▶ [EXERCISE DETAILS]:
Your answer should be the lines below from the one with "Clockwise from top: Tegal" to the one with "Taking my black dildo as wonder woman again", both included, given again exactly and with nothing added.

▶ [LISTED ENTRIES]:
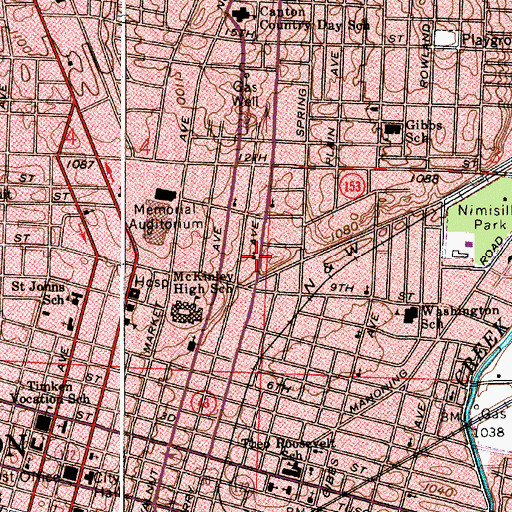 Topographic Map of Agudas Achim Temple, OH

* * *

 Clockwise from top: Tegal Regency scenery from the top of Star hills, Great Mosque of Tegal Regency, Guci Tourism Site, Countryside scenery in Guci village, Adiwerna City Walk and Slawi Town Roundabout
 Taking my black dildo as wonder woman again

▶ [SOLUTION TO THE EXERCISE]:
 Clockwise from top: Tegal Regency scenery from the top of Star hills, Great Mosque of Tegal Regency, Guci Tourism Site, Countryside scenery in Guci village, Adiwerna City Walk and Slawi Town Roundabout
 Taking my black dildo as wonder woman again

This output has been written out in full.